De nous tous, Halder avait le moins changé, pensait March. Sous les kilos en plus, le muscle relâché, c’était la même bleusaille, le même échalas frais émoulu de son université qui s’était retrouvé à bord du Il-174, plus de vingt ans auparavant, comme opérateur radio. Totalement incompétent : instruction accélérée, début 1942, et en avant pour le casse-pipe ! Les pertes étaient à leur maximum, à ce moment, et Dönitz ratissait large partout en Allemagne pour boucher les trous. Il avait des lunettes cerclées d’acier, les mêmes que maintenant ; des cheveux roux très fins qui rebiquaient dans son cou. En mission, tout l’équipage se laissait pousser la barbe ; Halder arborait sur ses joues et son menton quelques touffes orange, comme un chat en train de perdre ses poils. Que ce type se soit retrouvé en service U-Boot était une épouvantable erreur, ou une aimable méprise. Godiche, on ne lui aurait pas confié un fusible à remplacer. La nature l’avait programmé pour devenir universitaire, pas sous-marinier ; à chaque sortie, il était couvert de sueur — la trouille et le mal de mer.

Pourtant, à bord, cet ahuri avait la cote. Les équipages de U-Boot sont superstitieux. Sans trop savoir pourquoi, le bruit s’était répandu que Rudi Halder portait chance. On le chouchoutait donc, on réparait ses gaffes, on lui donnait une demi-heure de rab le matin pour geindre et se retourner dans sa couchette. Il était devenu une sorte de mascotte. La paix revenue, étonné de se découvrir encore en vie, Halder avait repris ses chères études à la faculté d’Histoire de l’université de Berlin. En 1958, il avait rejoint l’équipe de chercheurs qui travaillaient, aux Archives, sur l’histoire officielle de la guerre. Pour lui, la boucle était bouclée : il passait ses journées enfermé dans une pièce souterraine, rassemblant les éléments épars de la grande stratégie dont il avait été, en son temps, une minuscule (et terrorisée) composante. Le Service U-Boot : opérations et manœuvres, 1939–1943 était paru en 1963. À présent, Halder collaborait à la rédaction du troisième volume de l’histoire de l’armée allemande sur le front Est.
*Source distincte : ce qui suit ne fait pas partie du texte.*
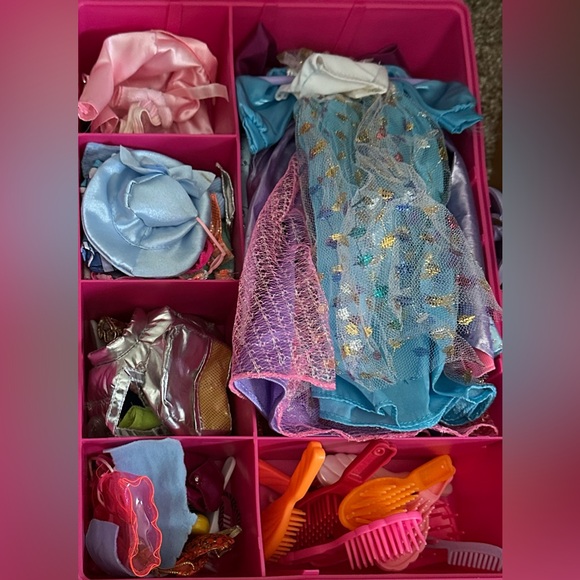 BARBIE DOLL TRUNK W/8 DOLLS & CLOTHING, SHOES & ACCESSORIES, GOOD CONDITIONS! - Picture 4 of 10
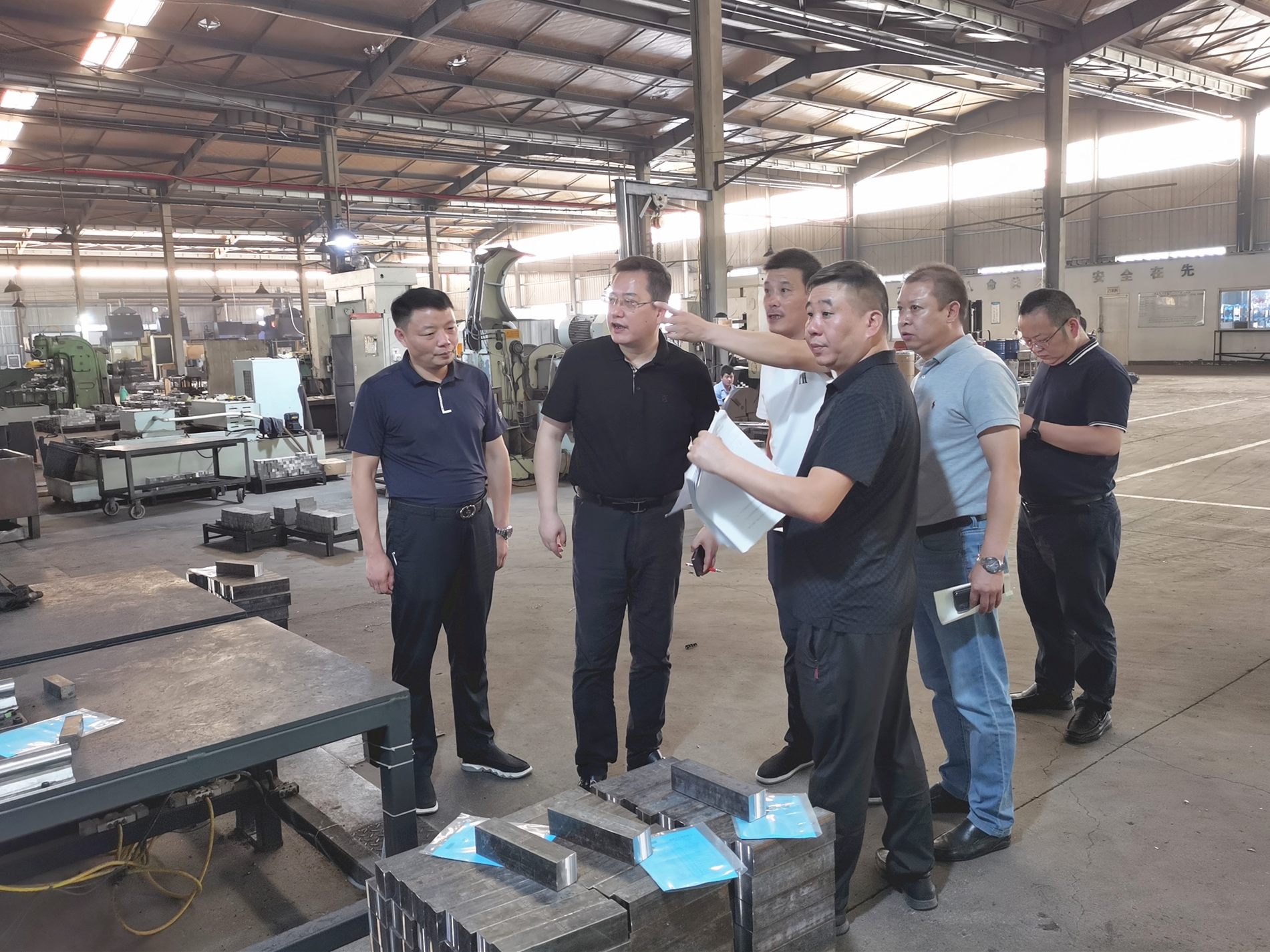 集團總裁柯建東蒞臨安徽柯力指導工作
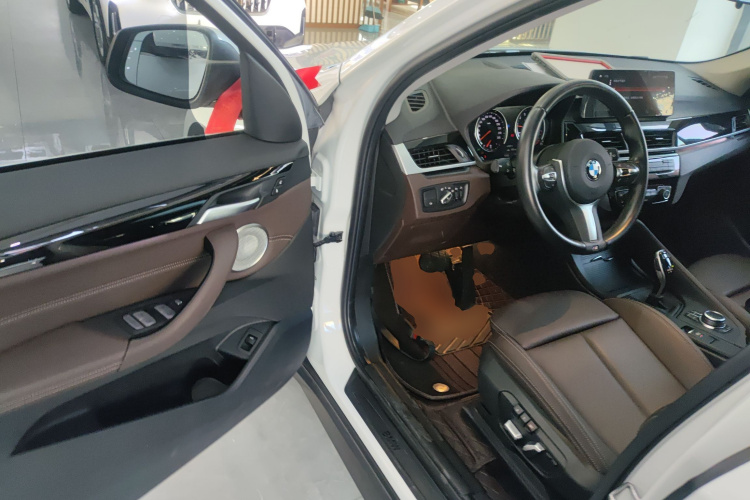 宝马X1 2022款 sDrive25Li 领先型中控内饰20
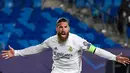 Sergio Ramos. Pemain yang baru hijrah ke PSG ini mampu mencetak 15 gol bersama Real Madrid di Liga Champions. Gol pertamanya dicetak pada 6 Desember 2005 saat kalah 1-2 dari Olympiacos, sementara gol ke-15 dicetak saat menang 3-1 atas Atalanta pada 17 Maret 2021. (Foto: AFP/Pierre-Philippe Marcou)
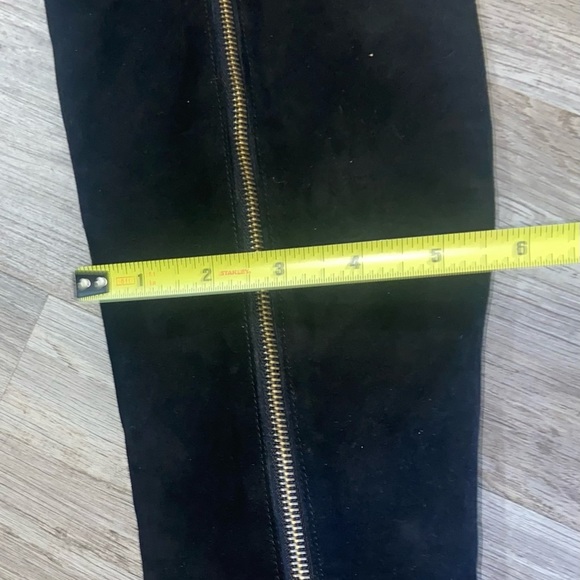 Stuart Weitzman Women’s Tall Black Suede Boots size 8.5 - Picture 6 of 11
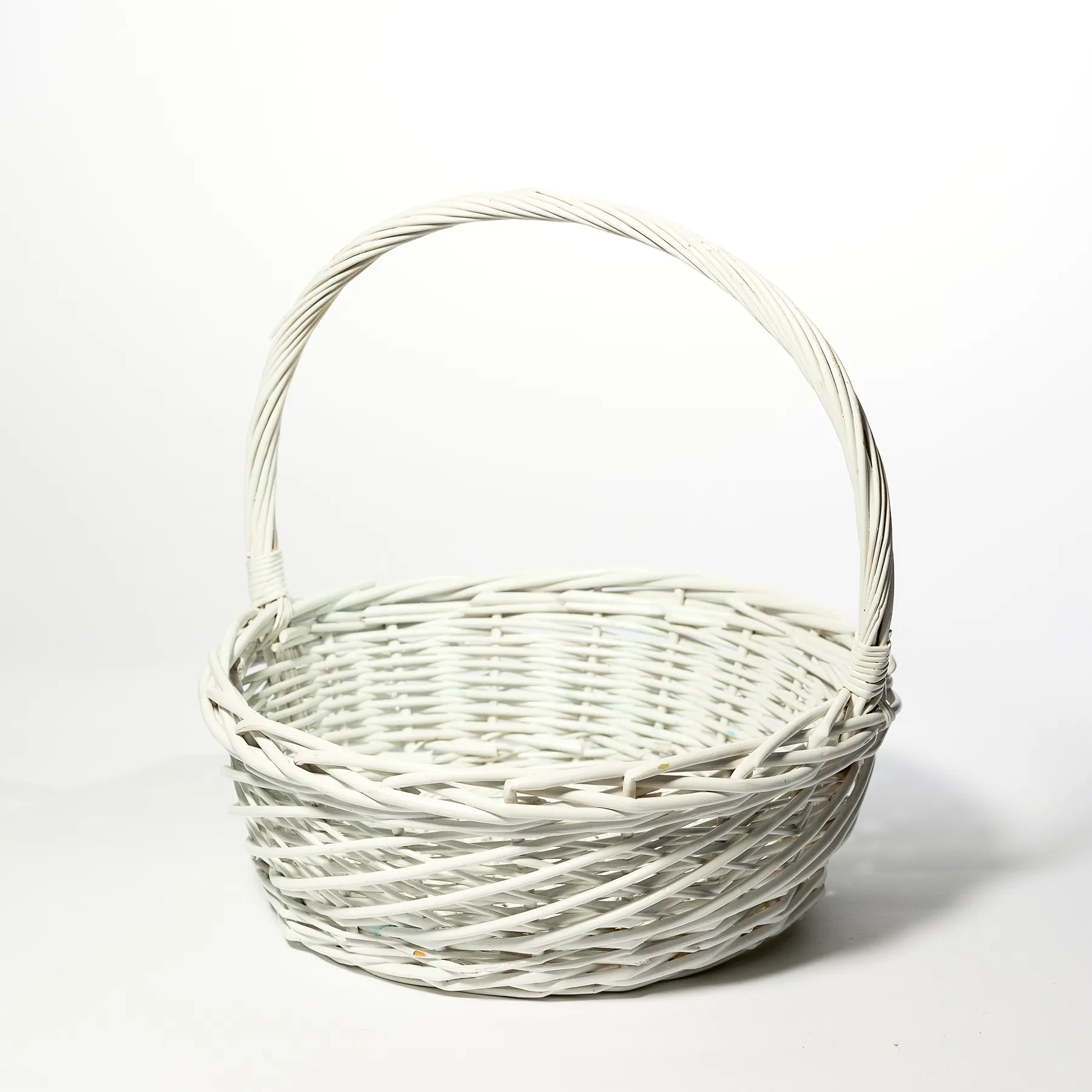Willow Round White Wicker Rustic Easter Basket, Farm House - 14" x 13.25"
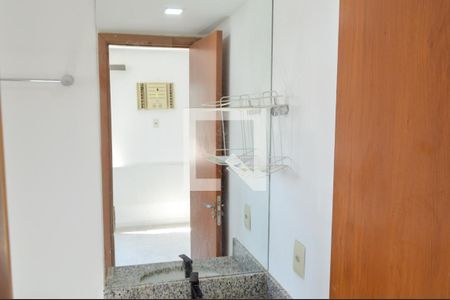 Apartamento para alugar com 70m², 3 quartos e 1 vaga Apartamento para alugar com 70m², 3 quartos e 1 vagaBanheiro da Suíte 1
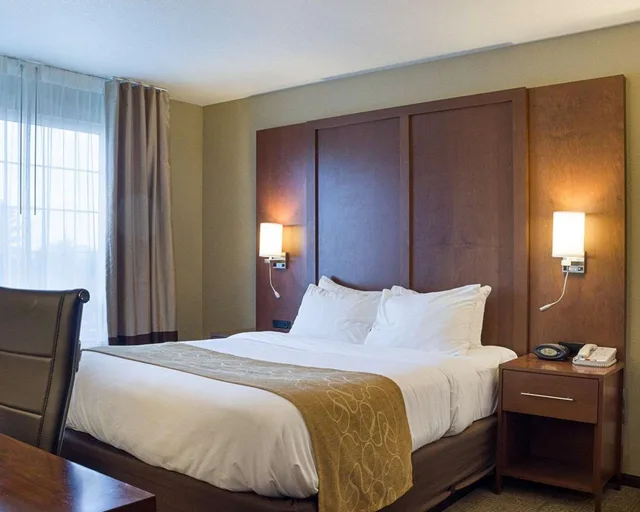 جناح بسرير كينج وسرير كوين، Comfort Suites Minot South 1/2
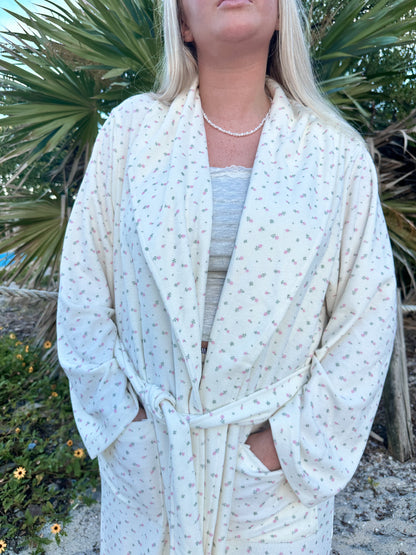 Pink Roses Dream Hotel Robe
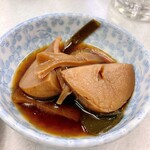 ゆたか食堂 - 「とってもこゆーい下品な味付けの新じゃが煮物」という品名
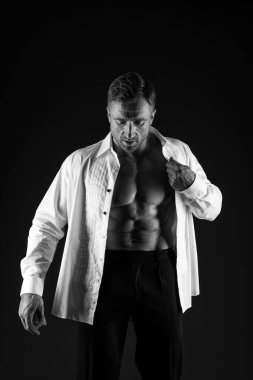 Zarif adam altı karın kası, açık tişört siyah arka plan, iş adamı.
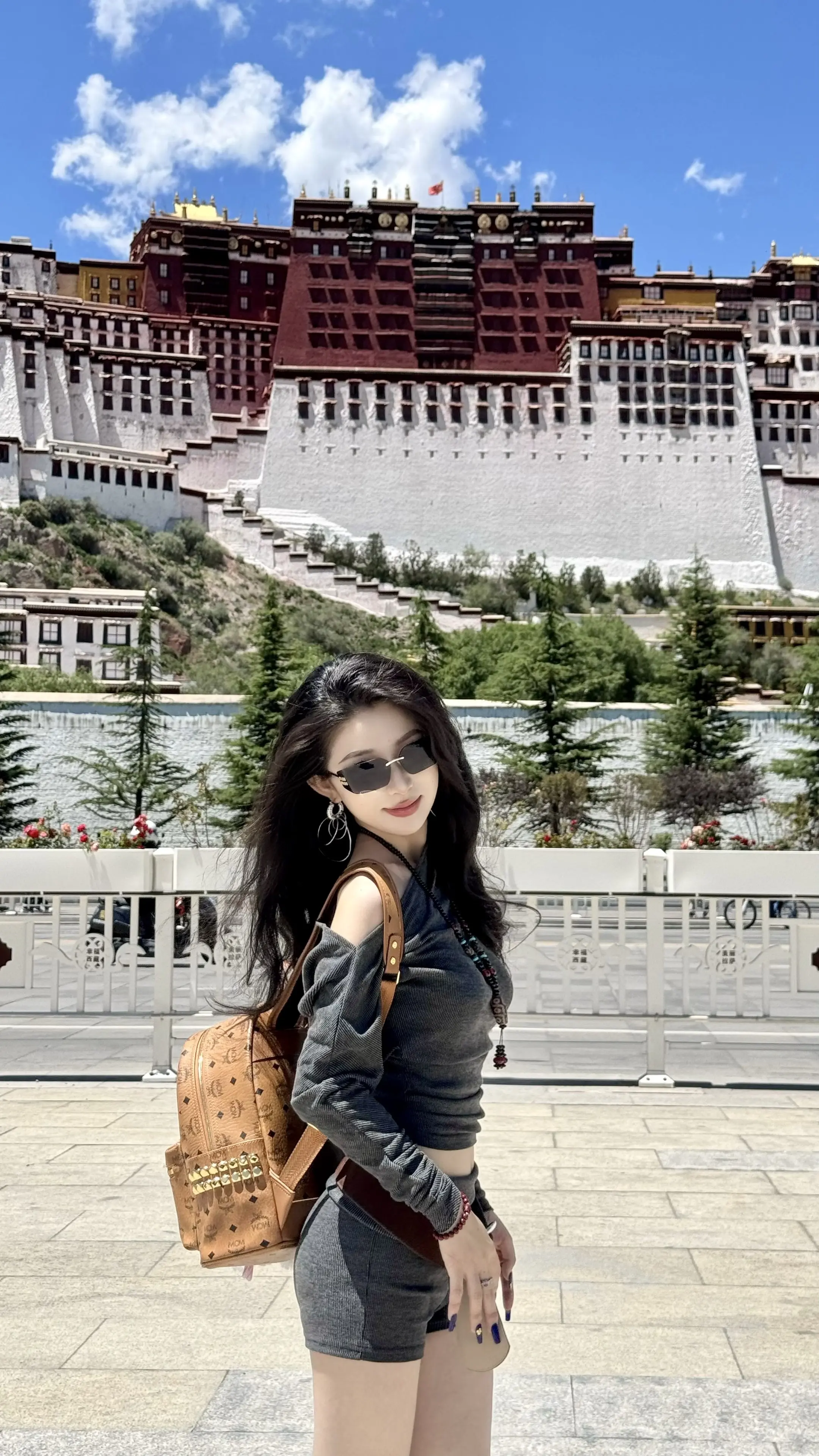 一个支架 一个背包 我想去的地方 就算一个人 也会出发 旅行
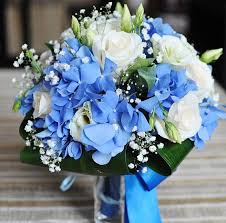 Pfingstrose hochzeitsstrauß, shabby chic brautstrauß hydrangea bouquet erröten brautstrauß wild blumen hochzeit bouquet ton hochzeitsstrauß. Brautstrauss In Blau Oder Lila Die 44 Schonsten Beispielbilder Zur Hochzeit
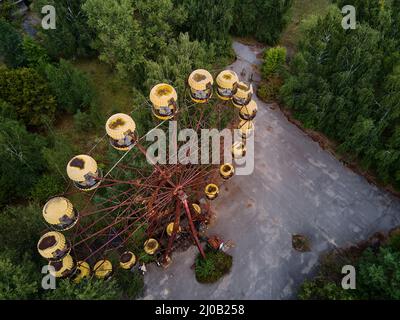 Vue aérienne de l'ancienne grande roue abandonnée dans le parc d'attractions de la ville fantôme de Pripyat Ukraine. Zone d'aliénation de la centrale nucléaire de Tchernobyl Banque D'Images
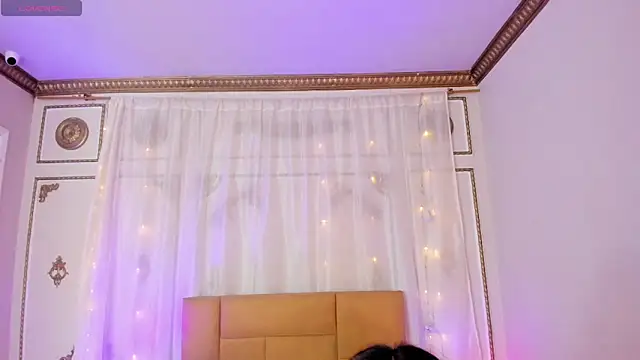 Jenifer James online show from March 5, 2026, 7:32 pm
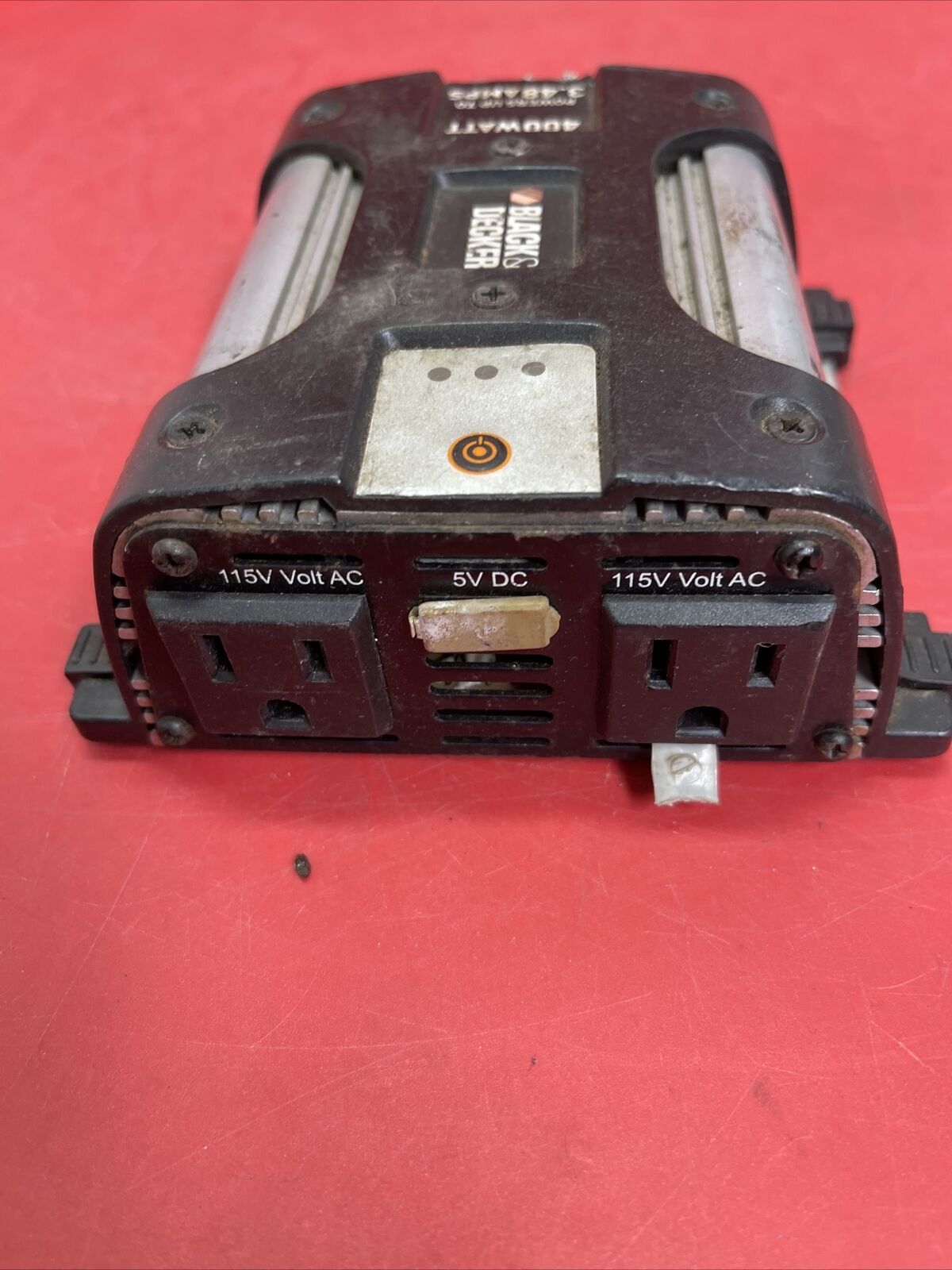 Black and Decker 400 Watt 3.48 AMP Power Inverter Convert 12V DC to 120V AC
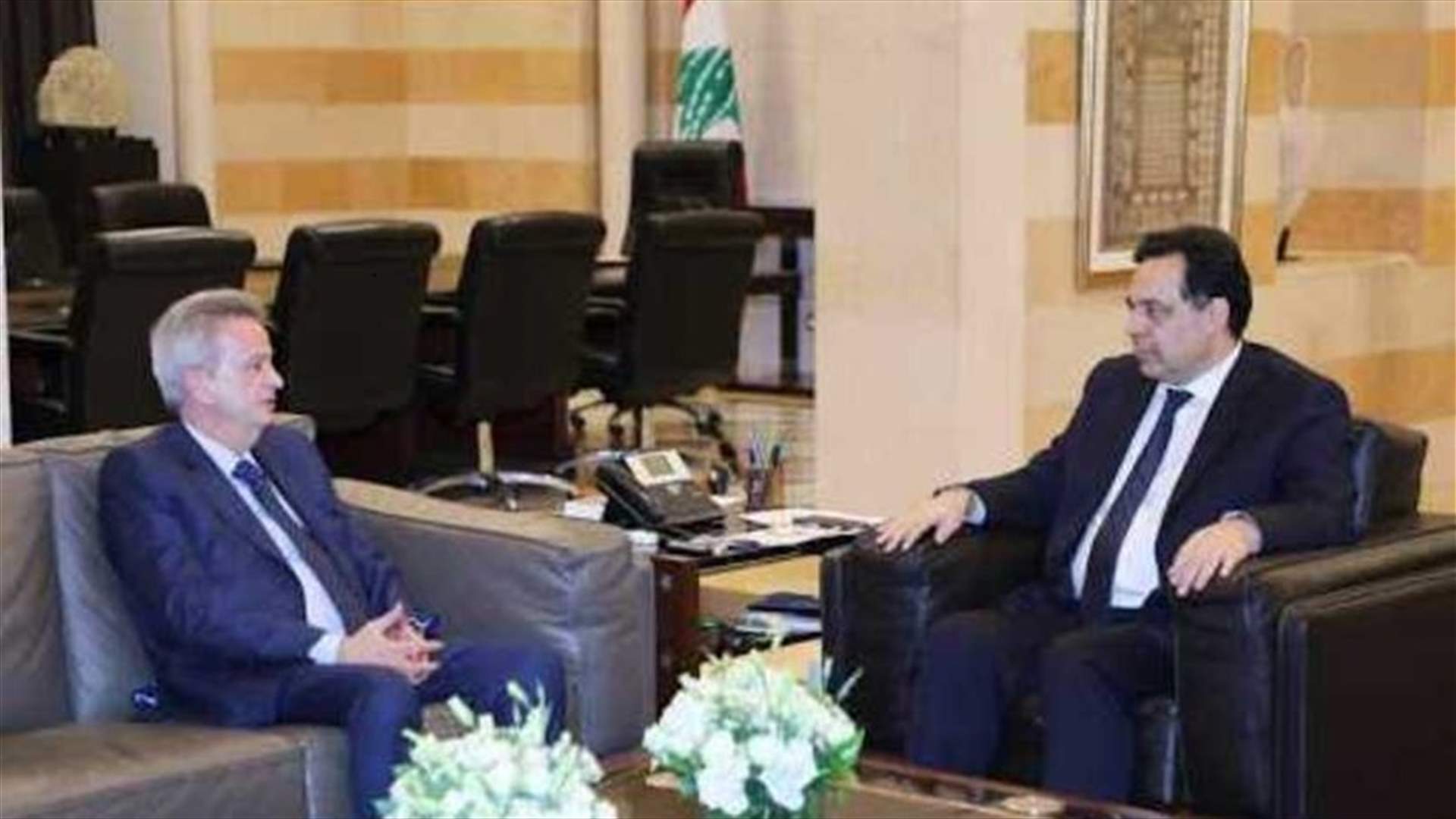 قرار لجم السوق أتى بعد اجتماع ليلي بين دياب وسلامة... فماذا دار في الاجتماع؟
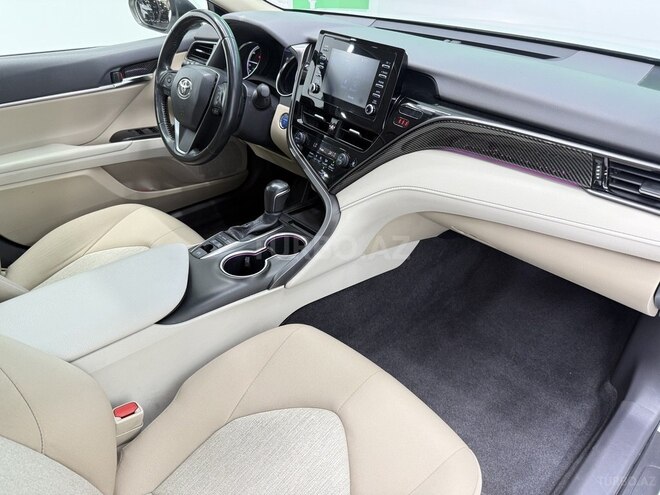 Toyota Camry-10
« C’est comme bosser chez Volkswagen à Fallersleben », expliquait Halder.

Il enfourna une partie de son œuf et mâchonna pensivement.

« Je monte les roues, Jaeckel assemble les portes, Schmidt pose le moteur.

— Ce sera fini quand ?

— Oh, je suis tenté de dire jamais. On accumule les documents, mais sans objet véritable. C’est l’Arc de la Victoire avec des mots, tu vois ? Chaque coup de fil, chaque escarmouche, chaque flocon de neige, chaque éternuement. Quelqu’un écrira même l’histoire officielle des histoires officielles. Moi, je me vois encore cinq ans là-dedans.